Indiana Pacers head coach Nate McMillan referenced being “great” in a statement earlier this month after the nation began protesting the death of George Floyd. He asked how America, long called the greatest country in the world, could be called great with rampant oppression, pain, suffering, hatred, violence and racism.
"America can and should live up to the standard of Great,” McMillan said on June 2. “We all can and should be proud to call ourselves Americans. A great America is not something people of color have ever known, and it’s time to change that.”
In an interview with J. Michael of the Indianapolis Star, McMillan opened up further on the word “great” and what it’s commonly referenced as now in the political sphere.
Donald Trump has emblazoned “Make America Great Again” on red hats and made it a rallying cry for his base, 40 years after Ronald Reagan first used it as “Let's Make America Great Again” in his 1980 presidential election campaign. His 2020 campaign slogan is “Keep America Great.”

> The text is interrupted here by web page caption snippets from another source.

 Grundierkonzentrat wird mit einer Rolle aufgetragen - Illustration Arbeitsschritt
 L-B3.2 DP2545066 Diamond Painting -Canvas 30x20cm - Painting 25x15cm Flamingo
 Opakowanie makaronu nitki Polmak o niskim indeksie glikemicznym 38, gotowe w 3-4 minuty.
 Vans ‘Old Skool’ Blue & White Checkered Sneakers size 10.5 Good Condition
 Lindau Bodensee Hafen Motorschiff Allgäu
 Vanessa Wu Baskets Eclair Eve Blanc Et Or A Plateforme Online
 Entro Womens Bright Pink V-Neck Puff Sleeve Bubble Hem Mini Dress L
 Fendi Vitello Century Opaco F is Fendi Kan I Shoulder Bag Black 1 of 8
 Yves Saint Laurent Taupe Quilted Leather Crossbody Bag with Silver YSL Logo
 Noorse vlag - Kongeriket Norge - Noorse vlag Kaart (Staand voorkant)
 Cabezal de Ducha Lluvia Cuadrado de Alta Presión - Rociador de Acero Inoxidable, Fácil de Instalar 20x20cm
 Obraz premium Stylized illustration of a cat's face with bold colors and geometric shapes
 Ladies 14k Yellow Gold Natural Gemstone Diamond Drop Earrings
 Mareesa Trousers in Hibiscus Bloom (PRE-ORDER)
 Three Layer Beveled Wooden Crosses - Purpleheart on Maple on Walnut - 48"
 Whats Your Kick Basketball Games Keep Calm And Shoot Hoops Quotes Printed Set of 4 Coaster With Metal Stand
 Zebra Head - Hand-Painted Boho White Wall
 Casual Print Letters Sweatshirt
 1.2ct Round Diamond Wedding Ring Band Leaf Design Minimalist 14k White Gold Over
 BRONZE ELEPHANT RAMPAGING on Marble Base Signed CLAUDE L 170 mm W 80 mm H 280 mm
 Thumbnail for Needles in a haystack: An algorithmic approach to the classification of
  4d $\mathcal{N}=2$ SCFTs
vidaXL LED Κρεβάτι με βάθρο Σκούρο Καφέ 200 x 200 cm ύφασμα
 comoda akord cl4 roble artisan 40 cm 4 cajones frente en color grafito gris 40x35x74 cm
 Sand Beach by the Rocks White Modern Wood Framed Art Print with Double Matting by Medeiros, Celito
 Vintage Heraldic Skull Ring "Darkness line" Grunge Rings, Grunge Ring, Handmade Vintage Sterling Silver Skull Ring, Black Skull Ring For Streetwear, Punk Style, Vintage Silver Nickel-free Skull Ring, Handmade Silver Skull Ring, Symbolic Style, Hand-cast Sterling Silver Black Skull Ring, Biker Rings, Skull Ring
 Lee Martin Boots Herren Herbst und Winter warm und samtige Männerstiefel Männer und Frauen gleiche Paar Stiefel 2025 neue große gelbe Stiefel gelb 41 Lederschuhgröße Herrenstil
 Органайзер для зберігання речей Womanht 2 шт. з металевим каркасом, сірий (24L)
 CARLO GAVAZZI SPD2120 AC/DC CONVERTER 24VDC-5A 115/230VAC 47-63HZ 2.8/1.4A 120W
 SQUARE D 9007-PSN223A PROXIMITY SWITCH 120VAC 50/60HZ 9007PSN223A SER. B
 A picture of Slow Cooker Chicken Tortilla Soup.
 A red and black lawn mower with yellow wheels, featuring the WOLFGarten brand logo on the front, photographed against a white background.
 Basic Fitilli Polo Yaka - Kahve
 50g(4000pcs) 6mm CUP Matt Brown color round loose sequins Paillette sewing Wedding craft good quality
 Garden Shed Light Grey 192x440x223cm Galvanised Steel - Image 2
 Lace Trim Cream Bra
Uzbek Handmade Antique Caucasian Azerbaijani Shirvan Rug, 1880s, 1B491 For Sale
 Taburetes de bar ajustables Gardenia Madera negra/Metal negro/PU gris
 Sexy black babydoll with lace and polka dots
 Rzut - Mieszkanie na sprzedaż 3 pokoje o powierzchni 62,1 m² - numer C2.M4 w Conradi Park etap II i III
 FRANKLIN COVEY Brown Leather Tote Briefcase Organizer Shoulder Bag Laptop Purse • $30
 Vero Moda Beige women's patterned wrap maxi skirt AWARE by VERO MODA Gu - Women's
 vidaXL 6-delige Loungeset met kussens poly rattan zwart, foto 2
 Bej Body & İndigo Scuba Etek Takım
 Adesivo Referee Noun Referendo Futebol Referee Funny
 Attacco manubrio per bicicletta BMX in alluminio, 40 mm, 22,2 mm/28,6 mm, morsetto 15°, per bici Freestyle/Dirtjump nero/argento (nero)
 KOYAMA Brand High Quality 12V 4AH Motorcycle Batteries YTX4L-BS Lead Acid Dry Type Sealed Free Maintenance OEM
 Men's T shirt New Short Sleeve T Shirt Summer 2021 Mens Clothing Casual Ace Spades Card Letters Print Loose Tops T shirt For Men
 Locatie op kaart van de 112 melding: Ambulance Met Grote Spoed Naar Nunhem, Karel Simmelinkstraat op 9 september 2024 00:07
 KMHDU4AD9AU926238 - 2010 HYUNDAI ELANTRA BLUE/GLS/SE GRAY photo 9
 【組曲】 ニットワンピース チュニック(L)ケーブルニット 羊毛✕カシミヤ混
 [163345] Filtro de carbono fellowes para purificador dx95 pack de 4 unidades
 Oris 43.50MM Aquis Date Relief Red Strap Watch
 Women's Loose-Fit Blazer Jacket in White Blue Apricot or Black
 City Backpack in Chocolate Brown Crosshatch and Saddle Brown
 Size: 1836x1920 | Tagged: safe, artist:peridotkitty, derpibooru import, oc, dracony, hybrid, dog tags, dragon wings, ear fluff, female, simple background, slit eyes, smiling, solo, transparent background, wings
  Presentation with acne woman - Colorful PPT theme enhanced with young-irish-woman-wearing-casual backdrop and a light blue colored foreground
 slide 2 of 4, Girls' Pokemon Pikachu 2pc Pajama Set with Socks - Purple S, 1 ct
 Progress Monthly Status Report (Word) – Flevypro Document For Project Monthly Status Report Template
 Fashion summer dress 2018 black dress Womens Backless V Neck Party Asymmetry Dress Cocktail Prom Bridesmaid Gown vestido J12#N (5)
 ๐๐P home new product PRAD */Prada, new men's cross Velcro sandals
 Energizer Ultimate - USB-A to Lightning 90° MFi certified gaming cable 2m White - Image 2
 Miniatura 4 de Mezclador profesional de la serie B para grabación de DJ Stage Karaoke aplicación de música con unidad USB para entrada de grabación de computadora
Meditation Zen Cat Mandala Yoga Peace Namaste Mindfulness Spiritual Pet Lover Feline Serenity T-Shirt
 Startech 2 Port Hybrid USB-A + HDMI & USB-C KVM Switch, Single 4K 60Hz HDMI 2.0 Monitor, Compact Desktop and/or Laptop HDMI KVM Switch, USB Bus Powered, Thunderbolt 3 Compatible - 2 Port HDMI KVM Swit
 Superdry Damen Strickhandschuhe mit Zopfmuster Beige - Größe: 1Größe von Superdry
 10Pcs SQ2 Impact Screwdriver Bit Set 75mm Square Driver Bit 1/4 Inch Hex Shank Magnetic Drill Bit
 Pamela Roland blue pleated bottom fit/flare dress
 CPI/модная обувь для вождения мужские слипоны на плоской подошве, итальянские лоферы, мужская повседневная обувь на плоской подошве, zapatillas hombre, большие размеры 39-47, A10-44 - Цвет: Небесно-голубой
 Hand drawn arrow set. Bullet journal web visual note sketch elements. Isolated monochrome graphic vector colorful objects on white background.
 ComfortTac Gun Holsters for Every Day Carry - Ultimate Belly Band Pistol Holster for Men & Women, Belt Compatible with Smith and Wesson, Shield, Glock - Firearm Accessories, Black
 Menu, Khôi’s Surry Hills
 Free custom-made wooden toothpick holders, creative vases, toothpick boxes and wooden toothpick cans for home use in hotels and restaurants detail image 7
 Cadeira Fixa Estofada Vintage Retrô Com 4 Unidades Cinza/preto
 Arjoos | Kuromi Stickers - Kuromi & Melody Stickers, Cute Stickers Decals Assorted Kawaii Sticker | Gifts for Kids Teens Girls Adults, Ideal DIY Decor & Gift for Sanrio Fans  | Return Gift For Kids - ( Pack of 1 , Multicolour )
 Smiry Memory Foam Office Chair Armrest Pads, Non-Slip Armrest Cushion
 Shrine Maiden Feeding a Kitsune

It’s that “trigger word” of “again” that has McMillan, 55, concerned.
McMillan: ‘Again’ a trigger word in slogan
McMillan told the Star he viewed the slogan as insulting, especially after Barack Obama served for eight years as the country’s first Black president. And he blamed Trump for creating a culture of division, anger and distrust.
“To me, it was a trigger word. Make America great ... again? What part are you talking about trying to bring America back to? When was it great? The ‘again’ part was pretty much what he has done, which is pit white against Black," McMillan said. "He has fueled this thing, the way he has led. Why not just make America great? It’s never been great for us. I want to know what period of time he's talking about.”
Pacers get involved in racial justice movement
McMillan took part in a voter registration rally and “Monumental March” on June 14 in Indianapolis and has watched his players take the lead in marches and more. Point guard Malcolm Brogdon joined a peaceful protest in Atlanta earlier this month, penning an op-ed on why he did it and what comes next.
He believes, per the Star, that his team will have more conversations about race as they convene at Disney World and about inequality and struggle around the world. They’ll learn about incidents not typically taught in school. And overall, he hopes it will help shape a new America.
Via the Star:
“As Black people, we’ve always referred to ‘the system.’ The system is keeping us down. We really never explained what this system was but we knew there was a system in place that would prevent us from getting a fair shake," McMillan said. “People are fed up with what is going on. We’re trying to create a new America. What we’ve been experiencing on both sides, both white and Black, is old America. We want a new America.”